Short descriptive text snippets
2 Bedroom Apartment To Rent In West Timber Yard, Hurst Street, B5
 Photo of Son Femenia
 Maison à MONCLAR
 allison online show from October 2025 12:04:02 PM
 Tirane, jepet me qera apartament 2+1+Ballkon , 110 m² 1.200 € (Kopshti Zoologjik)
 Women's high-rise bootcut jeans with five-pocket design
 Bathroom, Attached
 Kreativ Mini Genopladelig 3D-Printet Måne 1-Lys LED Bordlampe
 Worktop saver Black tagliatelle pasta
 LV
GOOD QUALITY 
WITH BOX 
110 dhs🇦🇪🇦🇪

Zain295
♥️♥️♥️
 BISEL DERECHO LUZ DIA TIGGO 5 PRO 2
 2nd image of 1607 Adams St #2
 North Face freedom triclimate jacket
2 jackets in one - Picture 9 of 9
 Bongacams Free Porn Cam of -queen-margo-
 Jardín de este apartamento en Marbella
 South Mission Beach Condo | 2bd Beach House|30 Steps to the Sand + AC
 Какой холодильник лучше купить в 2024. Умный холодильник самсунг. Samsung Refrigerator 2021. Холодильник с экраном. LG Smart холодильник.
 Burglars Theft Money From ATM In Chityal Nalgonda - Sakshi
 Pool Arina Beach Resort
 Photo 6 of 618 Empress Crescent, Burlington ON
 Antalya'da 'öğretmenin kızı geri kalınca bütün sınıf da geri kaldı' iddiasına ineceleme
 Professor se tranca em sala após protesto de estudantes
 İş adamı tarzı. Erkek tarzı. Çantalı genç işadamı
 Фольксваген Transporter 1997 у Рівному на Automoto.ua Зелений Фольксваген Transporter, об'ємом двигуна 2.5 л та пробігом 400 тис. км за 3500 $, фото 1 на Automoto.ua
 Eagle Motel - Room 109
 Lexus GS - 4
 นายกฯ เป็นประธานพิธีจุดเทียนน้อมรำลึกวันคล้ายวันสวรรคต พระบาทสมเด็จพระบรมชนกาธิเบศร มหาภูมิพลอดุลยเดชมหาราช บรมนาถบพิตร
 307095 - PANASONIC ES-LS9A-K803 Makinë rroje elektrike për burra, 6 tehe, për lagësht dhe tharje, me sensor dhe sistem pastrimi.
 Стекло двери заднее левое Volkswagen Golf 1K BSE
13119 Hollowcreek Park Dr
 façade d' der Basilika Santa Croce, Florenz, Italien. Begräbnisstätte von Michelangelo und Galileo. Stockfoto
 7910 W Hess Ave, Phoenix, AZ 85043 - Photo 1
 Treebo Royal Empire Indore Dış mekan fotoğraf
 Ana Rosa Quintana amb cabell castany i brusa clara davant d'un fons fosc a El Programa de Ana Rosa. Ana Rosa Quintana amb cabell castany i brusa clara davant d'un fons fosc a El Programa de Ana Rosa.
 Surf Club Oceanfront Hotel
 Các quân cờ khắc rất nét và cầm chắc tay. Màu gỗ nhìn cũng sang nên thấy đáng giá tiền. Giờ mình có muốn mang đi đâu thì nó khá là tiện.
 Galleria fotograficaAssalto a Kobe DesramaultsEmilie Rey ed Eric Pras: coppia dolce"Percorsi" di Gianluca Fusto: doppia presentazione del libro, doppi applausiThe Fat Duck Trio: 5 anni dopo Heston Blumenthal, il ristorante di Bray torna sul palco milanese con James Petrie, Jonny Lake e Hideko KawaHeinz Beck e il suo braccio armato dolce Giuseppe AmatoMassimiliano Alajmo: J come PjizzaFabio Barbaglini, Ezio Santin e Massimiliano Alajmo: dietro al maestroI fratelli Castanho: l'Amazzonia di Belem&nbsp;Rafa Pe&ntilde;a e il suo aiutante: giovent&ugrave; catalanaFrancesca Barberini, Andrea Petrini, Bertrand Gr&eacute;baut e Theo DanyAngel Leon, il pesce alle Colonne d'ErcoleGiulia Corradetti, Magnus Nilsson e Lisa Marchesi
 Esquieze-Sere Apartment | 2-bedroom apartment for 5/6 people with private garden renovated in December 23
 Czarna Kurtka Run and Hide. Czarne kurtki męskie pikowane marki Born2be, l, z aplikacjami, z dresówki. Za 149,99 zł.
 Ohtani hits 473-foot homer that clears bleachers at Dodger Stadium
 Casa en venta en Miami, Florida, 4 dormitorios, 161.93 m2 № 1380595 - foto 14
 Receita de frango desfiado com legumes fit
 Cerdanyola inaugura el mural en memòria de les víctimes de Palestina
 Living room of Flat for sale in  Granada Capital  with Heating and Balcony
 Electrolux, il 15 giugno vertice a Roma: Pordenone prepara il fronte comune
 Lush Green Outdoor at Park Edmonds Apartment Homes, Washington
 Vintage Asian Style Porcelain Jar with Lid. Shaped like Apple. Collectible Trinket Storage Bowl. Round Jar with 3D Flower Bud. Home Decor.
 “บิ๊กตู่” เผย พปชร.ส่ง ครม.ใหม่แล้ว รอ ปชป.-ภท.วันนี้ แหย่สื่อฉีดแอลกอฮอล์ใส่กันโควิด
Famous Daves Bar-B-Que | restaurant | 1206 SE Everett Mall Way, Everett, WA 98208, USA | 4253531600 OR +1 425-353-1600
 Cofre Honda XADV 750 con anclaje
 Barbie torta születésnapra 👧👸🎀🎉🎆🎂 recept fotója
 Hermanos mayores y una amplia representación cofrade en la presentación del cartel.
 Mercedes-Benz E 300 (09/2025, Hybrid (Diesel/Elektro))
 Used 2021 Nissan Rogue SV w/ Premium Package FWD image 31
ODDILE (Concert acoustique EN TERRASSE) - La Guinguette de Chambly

WHAT IS REQUIRED:
Where a line above contains the string "Apartment", tally it, then give the number alone.

RESPONSE:
3